**** Collected data
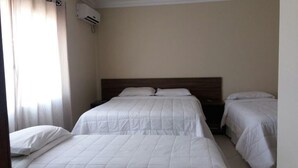 A hotel room with two beds, a wooden headboard, and an air conditioning unit on the wall. - Hotel Imbau Palace (Imbau)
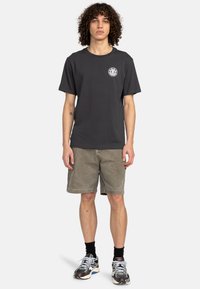 Donkergrijze katoenen t-shirt met een logo op de voorkant, gecombineerd met kaki shorts. Model draagt zwarte sokken en meerkleurige sneakers, staand voor een witte achtergrond.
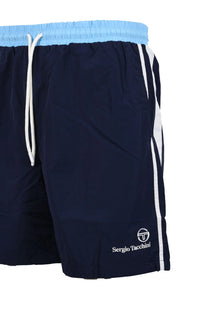 Side picture of a pair of Sergio Tacchini shorts in navy showing the bold twin stripes down the side of the leg as well as Sergio Tacchini embroidered logo on the front of the shorts.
********
--- Problem statement ---
Only the pictures in the listing above get left out; print everything else exactly.

--- Answer for this exercise ---
 A hotel room with two beds, a wooden headboard, and an air conditioning unit on the wall. - Hotel Imbau Palace (Imbau)
 Donkergrijze katoenen t-shirt met een logo op de voorkant, gecombineerd met kaki shorts. Model draagt zwarte sokken en meerkleurige sneakers, staand voor een witte achtergrond.
 Side picture of a pair of Sergio Tacchini shorts in navy showing the bold twin stripes down the side of the leg as well as Sergio Tacchini embroidered logo on the front of the shorts.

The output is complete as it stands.